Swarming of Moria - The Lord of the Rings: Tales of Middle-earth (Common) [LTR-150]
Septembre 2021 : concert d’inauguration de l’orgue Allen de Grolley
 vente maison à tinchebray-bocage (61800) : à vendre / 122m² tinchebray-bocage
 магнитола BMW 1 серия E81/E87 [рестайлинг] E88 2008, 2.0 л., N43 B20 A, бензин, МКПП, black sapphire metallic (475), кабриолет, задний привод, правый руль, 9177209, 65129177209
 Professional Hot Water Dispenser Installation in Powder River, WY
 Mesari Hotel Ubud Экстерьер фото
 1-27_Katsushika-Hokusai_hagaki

________

Aim of the exercise —
Everything in the listing should be written out exactly.

Answer to this task —
Swarming of Moria - The Lord of the Rings: Tales of Middle-earth (Common) [LTR-150]
Septembre 2021 : concert d’inauguration de l’orgue Allen de Grolley
 vente maison à tinchebray-bocage (61800) : à vendre / 122m² tinchebray-bocage
 магнитола BMW 1 серия E81/E87 [рестайлинг] E88 2008, 2.0 л., N43 B20 A, бензин, МКПП, black sapphire metallic (475), кабриолет, задний привод, правый руль, 9177209, 65129177209
 Professional Hot Water Dispenser Installation in Powder River, WY
 Mesari Hotel Ubud Экстерьер фото
 1-27_Katsushika-Hokusai_hagaki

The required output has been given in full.